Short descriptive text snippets
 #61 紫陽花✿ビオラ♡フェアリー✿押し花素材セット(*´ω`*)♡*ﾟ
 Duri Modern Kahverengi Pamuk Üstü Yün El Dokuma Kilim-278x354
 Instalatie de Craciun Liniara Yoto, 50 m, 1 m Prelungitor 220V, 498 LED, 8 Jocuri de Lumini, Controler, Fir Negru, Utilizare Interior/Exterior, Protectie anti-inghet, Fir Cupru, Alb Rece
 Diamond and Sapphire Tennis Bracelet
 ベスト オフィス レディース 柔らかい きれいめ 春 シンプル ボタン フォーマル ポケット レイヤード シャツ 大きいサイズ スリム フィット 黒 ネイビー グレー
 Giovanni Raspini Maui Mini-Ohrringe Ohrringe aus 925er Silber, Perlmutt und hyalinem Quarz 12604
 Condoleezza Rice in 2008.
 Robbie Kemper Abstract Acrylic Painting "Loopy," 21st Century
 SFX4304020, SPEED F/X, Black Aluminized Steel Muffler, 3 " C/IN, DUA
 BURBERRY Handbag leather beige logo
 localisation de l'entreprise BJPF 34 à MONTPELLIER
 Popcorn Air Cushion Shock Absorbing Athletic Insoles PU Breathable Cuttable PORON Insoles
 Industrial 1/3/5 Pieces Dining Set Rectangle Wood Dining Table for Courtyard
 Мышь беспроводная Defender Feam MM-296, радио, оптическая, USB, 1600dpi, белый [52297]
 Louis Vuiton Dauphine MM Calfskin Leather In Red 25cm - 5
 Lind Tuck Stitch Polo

Work to complete
Please, from the entries above, set down exactly the lines from the one containing "Giovanni Raspini Maui" through the one containing "BURBERRY Handbag leather beige logo", and only those.

Response
 Giovanni Raspini Maui Mini-Ohrringe Ohrringe aus 925er Silber, Perlmutt und hyalinem Quarz 12604
 Condoleezza Rice in 2008.
 Robbie Kemper Abstract Acrylic Painting "Loopy," 21st Century
 SFX4304020, SPEED F/X, Black Aluminized Steel Muffler, 3 " C/IN, DUA
 BURBERRY Handbag leather beige logo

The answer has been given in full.